Financing Activities: During the first six months of 1996, we
repurchased 6,578,300 shares of common stock for a total cost of $183
million, completing our August 1994 share repurchase program. On
April 11, 1996, the Board of Directors approved a new 10 million share
common stock repurchase program. There have been no repurchases under
this new program. The timing of share repurchases are dependent upon
a balancing of cash resource uses and market conditions. Repurchased
shares will be available for general corporate purposes including
acquisition financing and the funding of employee benefit plans.
- 21 -
<PAGE>
FINANCIAL POSITION
Trade accounts receivable, inventories, and accounts payable and
accrued expenses at September 27, 1996 increased from December 31,
1995 principally because of the seasonal nature of our business. The
increase in franchise and deferred income taxes results from the
acquisitions of the Ouachita, Coke West, and French and Belgian
bottlers. The increase in property, plant and equipment results
primarily from capital expenditures in the first nine months of 1996
and the acquisitions of the Ouachita, Coke West, and French and
Belgian bottlers. The increase in long-term debt results from
acquisitions along with share repurchases in first-quarter 1996. The
decrease in the cumulative translation adjustment results from an
increase in the value of the dollar against the Dutch florin and the
results of the France and Belgium currency translation in third-
quarter 1996.
- 22 -
<PAGE>
Part II. Other Information
Item 1. Legal Proceedings
On September 13, 1996, the European Commission (the "Commission")

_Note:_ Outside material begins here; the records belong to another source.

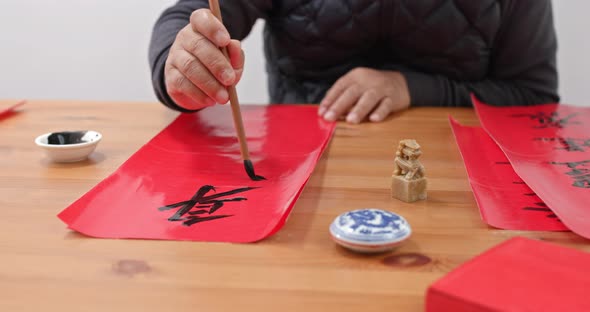 Man write chinese calligraphy for lunar new year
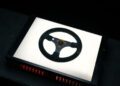 A black steering wheel, reminiscent of an F1 Victory moment, is displayed on a backlit white surface with red accents visible beneath.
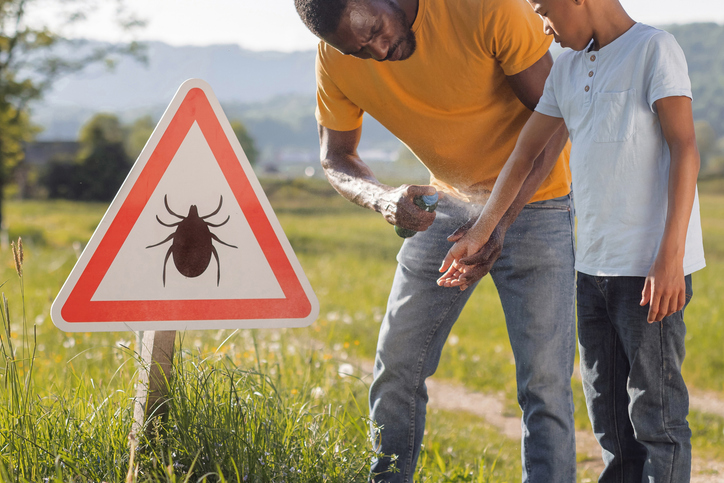 Family notices tick warning sign during hike and applies repellent spray to protect child from tick bites and Lyme disease.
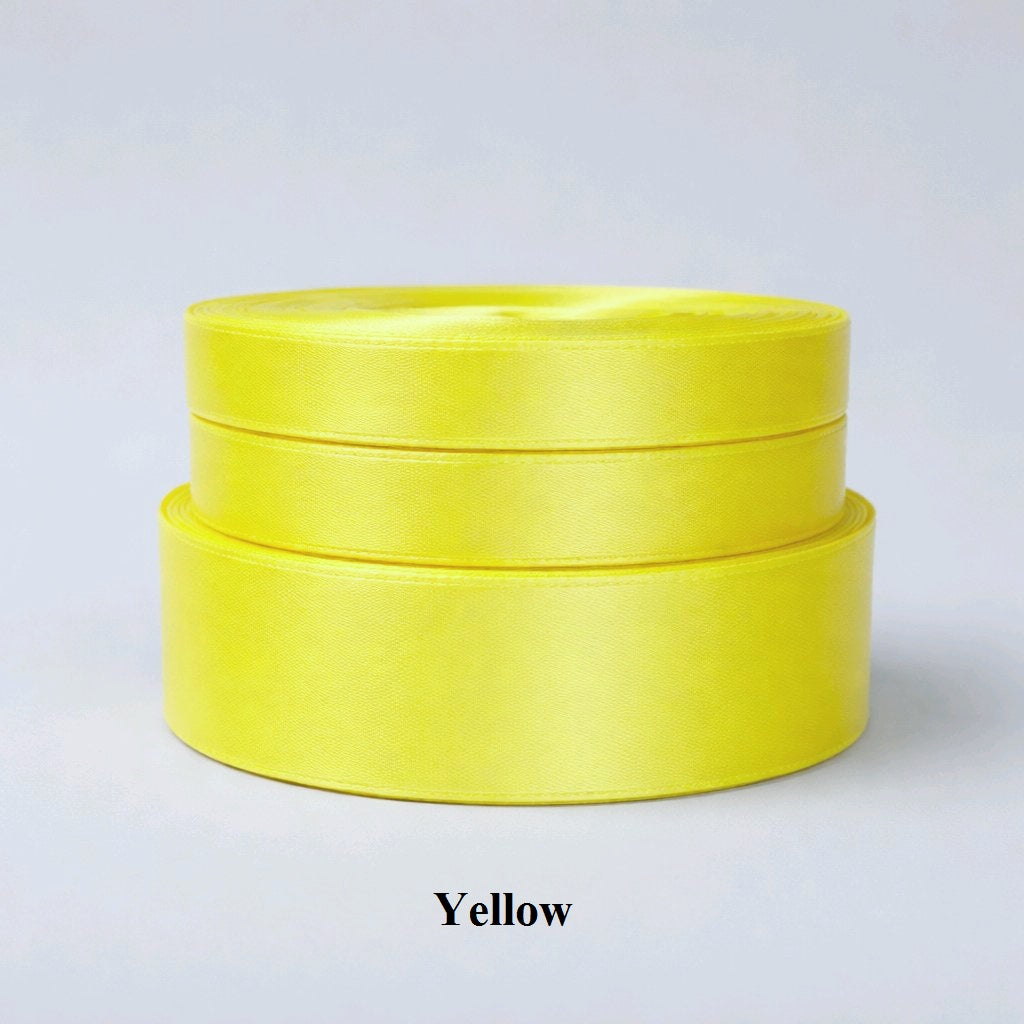 6mm bright yellow single-sided satin ribbon; vibrant 32m reel for cheerful gift wrapping and children's crafts. 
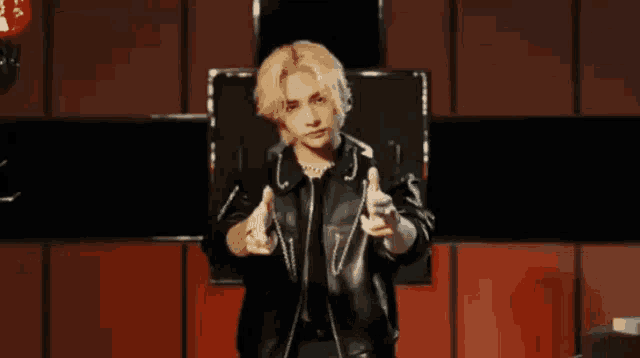 a man in a leather jacket is holding a red heart shaped object in his hands .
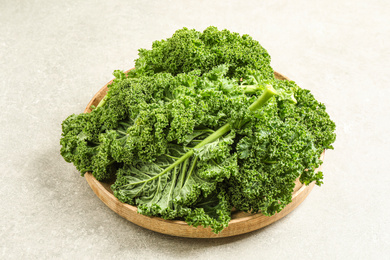 Photo of Fresh kale leaves on light grey table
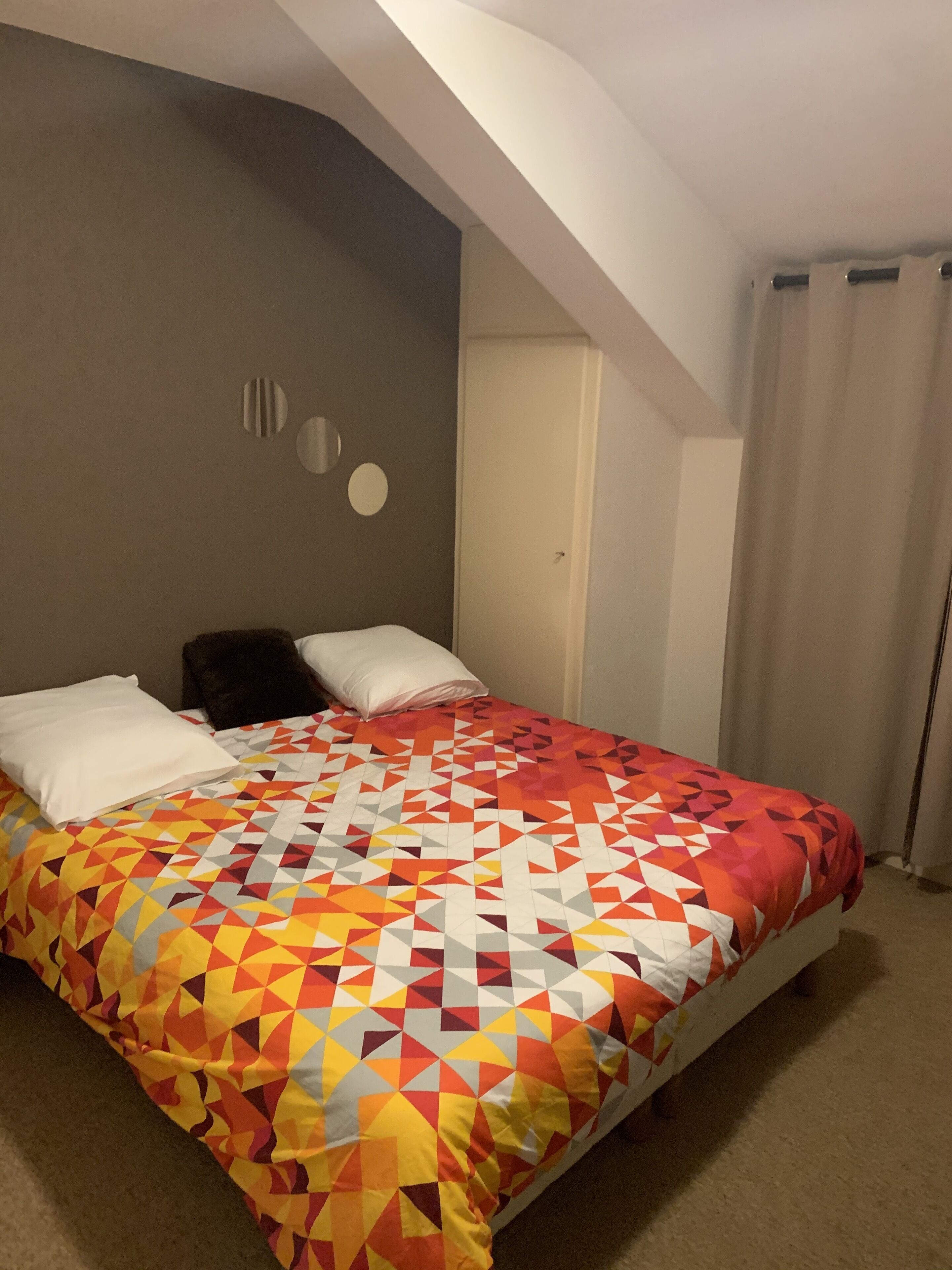A bedroom with a bed, a door, and a window with curtains.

announced that it was opening a second phase investigation of the
Company's proposed acquisition of CCSB, under the merger regulations
of the common market. The Commission has until January 29, 1997 to
make a final decision. The Company believes that the Commission's
Merger Task Force will issue a Statement of Objections to the proposed
acquisition before the end of November 1996, to which the Company
and the other parties to the proposed acquisition will respond. The
Statement of Objections could, under some circumstances, result in
modifications to the terms of the transaction to resolve issues raised
by the staff, but, the Company is unable to predict what effect they
may have upon the proposed transaction. However, the Company remains
confident that the transaction will ultimately be approved and
completed.
In October 1996, the Environmental Protection Agency named Florida
Coca-Cola Bottling Company ("Florida CCBC") as one of the 20
potentially responsible parties to conduct the cleanup of the Wingate
Road Incinerator Landfill, a former municipal waste disposal site (and
now Federal Superfund site) in Fort Lauderdale, Florida. The total
investigative and clean-up costs have been estimated at $18 million.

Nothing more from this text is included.